March 22, 2013
On this month’s trip, Daniela and I were really pleased to be accompanied by two of our NJP supporters, Eric and Caroline, on some of our camera inspections. We began the trip together with an afternoon spent at Rancho Bábaco, one of the Viviendo con Felinos ranches where we visited a spring near the house that is a good place to view wildlife. We later were joined by representatives from the Carlos Slim Foundation and WWF.
Our fieldwork on the reserve began at La Ventana. We led Caroline, Juan Carlos, and Turtle as we checked the motion-triggered cameras along the Arroyo La Ventana. This is a very beautiful stream filled with clear water, tiny fish, and abundant vegetation.
Next we continued on to Babisal, and en route, we were able to see a wild turkey and a white-tailed deer near a place known as Huijalo. At El Carricito, representatives from the Carlos Slim Foundation and WWF accompanied us to learn about our work and how the cameras are important in monitoring jaguars. They were also able to observe some of the hard work it takes to build gabions, as Laqui led our volunteer Stéphane and a small crew in building these permeable rock dams to help prevent erosion and restore the water table. Next up was a hike along the Arroyo El Burro at Dubaral, where we enjoyed seeing photos of two female jaguars, “Suki” and “Caza.”

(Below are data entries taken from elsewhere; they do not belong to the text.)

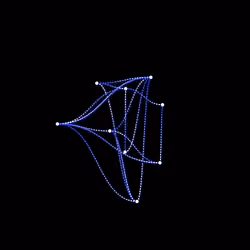 Node 6474
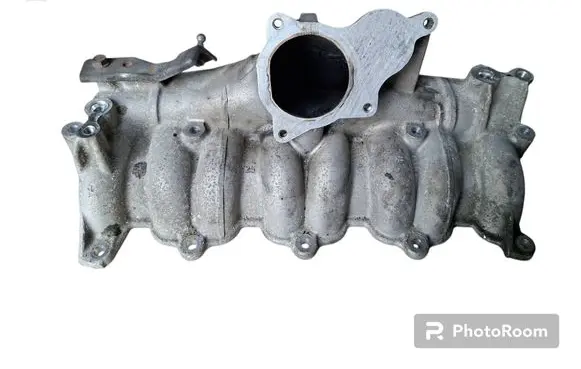 Mitsubishi Outlander Intake manifold 03G129713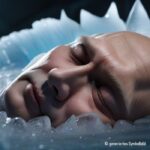 putin-russland-ukraine-ukraine-krieg-Tod-putin-gestorben-tiefkühltruhe-gefrierschrank-kreml-patruschev-doppelgänger-beweise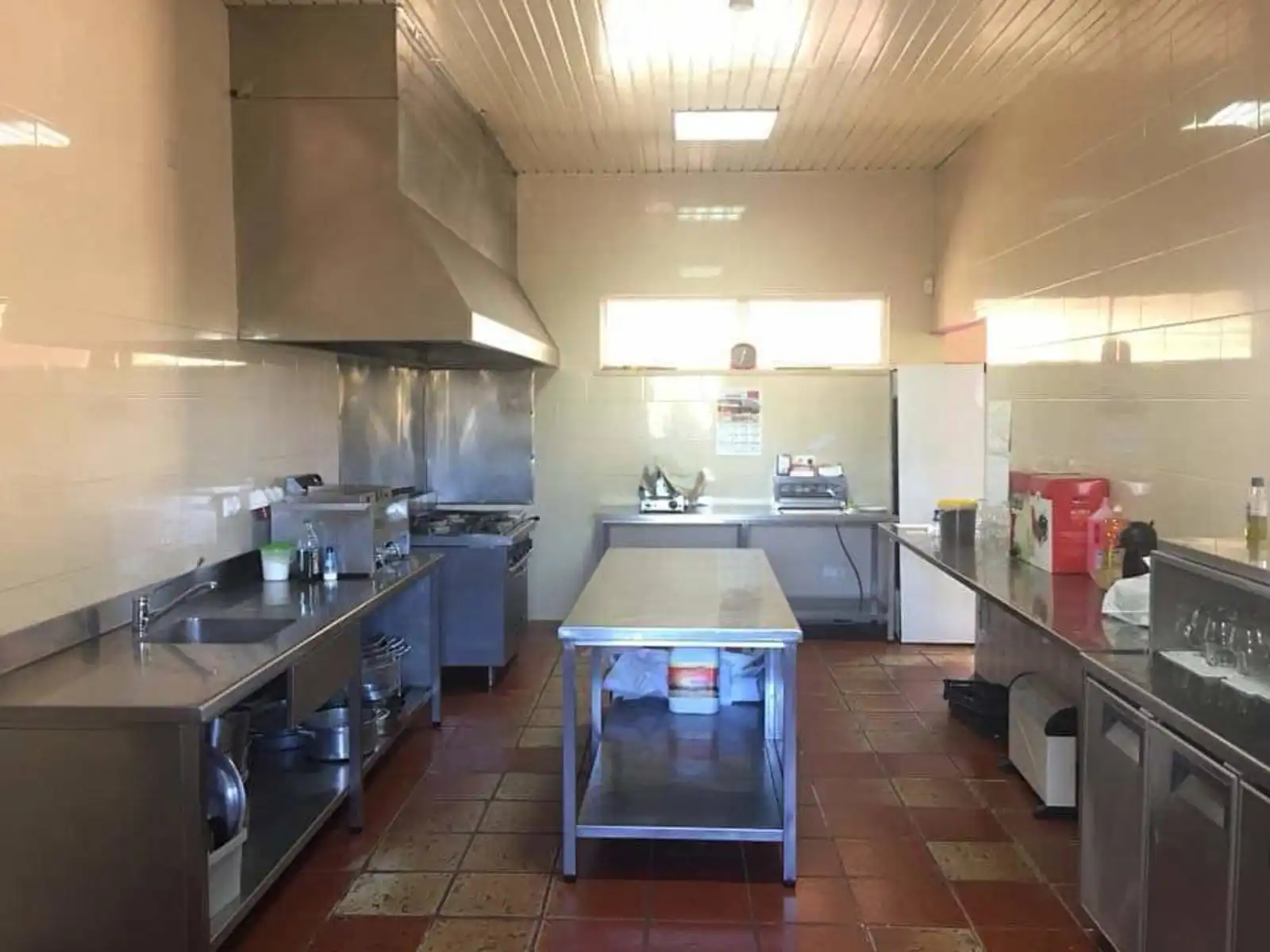 Unieke Kans – Wonen, Werken én Investeren op één locatie! foto 7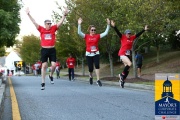 Race #1468, Row 2, Column 4
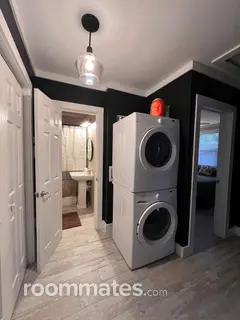 Room for rent in Charleston, SC $1000, house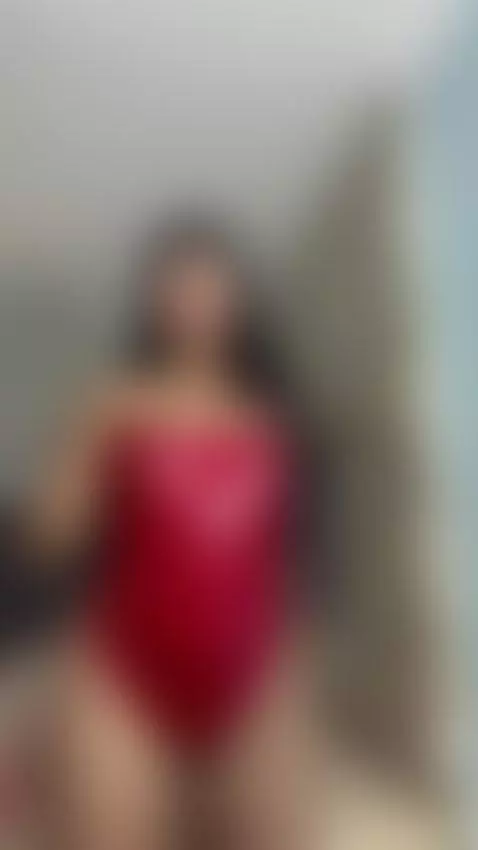 publicsex, sexygirl, sex by thalia-castro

At Los Pavos, we divided up into two teams to reach more camera locations. Laco and I went to the Arroyo Los Pavos and saw mountain lion tracks as well as a white-tailed deer who ran after Loco (Laco’s dog). We watched as the deer came right onto our path, yet after noticing our presence, it quickly ran the other way. That same day, Daniela and Eric went up the Cerro de Las Velas, and during their trip, they were lucky enough to see an elegant trogon – a bird with such vibrant colors that make it one of the most beautiful species on the reserve in my opinion. This sighting really made Eric happy, as he has a special interest in observing birds. Eric accompanied me on another long walk, and we saw more mountain lion tracks as we looked for new camera locations.
As we explored La Hielería and the Arroyo El Babisal, I realized yet again how beautiful the reserve is. We could see lots of willows, we climbed around near waterfalls, and saw pools of water that are so deep you cannot see the bottom. We saw lowland leopard frogs, many tadpoles, and several species of birds, including canyon wren and painted redstart. We were all impressed by the richness of species on the reserve and the importance of protecting all of the natural wealth found here.
Javier Valenzuela Amarillas has worked on the Northern Jaguar Reserve and Viviendo con Felinos ranches since 2012. As a jaguar guardian, he helps to maintain an extensive network of motion-triggered cameras on the reserve and ranches, inventory the ecological health of the land and water, and patrol the area to keep out poachers.